[[ Information open ]]
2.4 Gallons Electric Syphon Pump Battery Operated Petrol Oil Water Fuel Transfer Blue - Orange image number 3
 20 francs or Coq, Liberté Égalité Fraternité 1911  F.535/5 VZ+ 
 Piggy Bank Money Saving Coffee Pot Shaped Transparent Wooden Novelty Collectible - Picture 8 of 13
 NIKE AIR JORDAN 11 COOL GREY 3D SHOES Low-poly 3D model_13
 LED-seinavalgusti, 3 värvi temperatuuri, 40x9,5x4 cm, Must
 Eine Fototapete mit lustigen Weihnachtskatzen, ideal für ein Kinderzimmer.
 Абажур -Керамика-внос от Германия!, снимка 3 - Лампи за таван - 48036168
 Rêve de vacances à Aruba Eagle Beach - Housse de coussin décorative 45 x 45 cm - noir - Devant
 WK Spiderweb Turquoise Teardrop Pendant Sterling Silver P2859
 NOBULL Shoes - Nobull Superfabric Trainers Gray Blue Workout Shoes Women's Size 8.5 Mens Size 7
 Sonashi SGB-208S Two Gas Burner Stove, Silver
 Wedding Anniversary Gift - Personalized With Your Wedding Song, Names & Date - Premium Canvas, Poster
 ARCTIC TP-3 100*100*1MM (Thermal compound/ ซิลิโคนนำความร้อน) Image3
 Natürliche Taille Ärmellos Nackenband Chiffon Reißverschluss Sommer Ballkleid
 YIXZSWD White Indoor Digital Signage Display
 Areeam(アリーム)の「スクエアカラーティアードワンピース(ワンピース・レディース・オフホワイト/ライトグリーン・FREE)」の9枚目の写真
[[ Information closed ]]
## Instructions for the task
Nothing may be left out: return each entry exactly as it reads.

## Task result
2.4 Gallons Electric Syphon Pump Battery Operated Petrol Oil Water Fuel Transfer Blue - Orange image number 3
 20 francs or Coq, Liberté Égalité Fraternité 1911  F.535/5 VZ+ 
 Piggy Bank Money Saving Coffee Pot Shaped Transparent Wooden Novelty Collectible - Picture 8 of 13
 NIKE AIR JORDAN 11 COOL GREY 3D SHOES Low-poly 3D model_13
 LED-seinavalgusti, 3 värvi temperatuuri, 40x9,5x4 cm, Must
 Eine Fototapete mit lustigen Weihnachtskatzen, ideal für ein Kinderzimmer.
 Абажур -Керамика-внос от Германия!, снимка 3 - Лампи за таван - 48036168
 Rêve de vacances à Aruba Eagle Beach - Housse de coussin décorative 45 x 45 cm - noir - Devant
 WK Spiderweb Turquoise Teardrop Pendant Sterling Silver P2859
 NOBULL Shoes - Nobull Superfabric Trainers Gray Blue Workout Shoes Women's Size 8.5 Mens Size 7
 Sonashi SGB-208S Two Gas Burner Stove, Silver
 Wedding Anniversary Gift - Personalized With Your Wedding Song, Names & Date - Premium Canvas, Poster
 ARCTIC TP-3 100*100*1MM (Thermal compound/ ซิลิโคนนำความร้อน) Image3
 Natürliche Taille Ärmellos Nackenband Chiffon Reißverschluss Sommer Ballkleid
 YIXZSWD White Indoor Digital Signage Display
 Areeam(アリーム)の「スクエアカラーティアードワンピース(ワンピース・レディース・オフホワイト/ライトグリーン・FREE)」の9枚目の写真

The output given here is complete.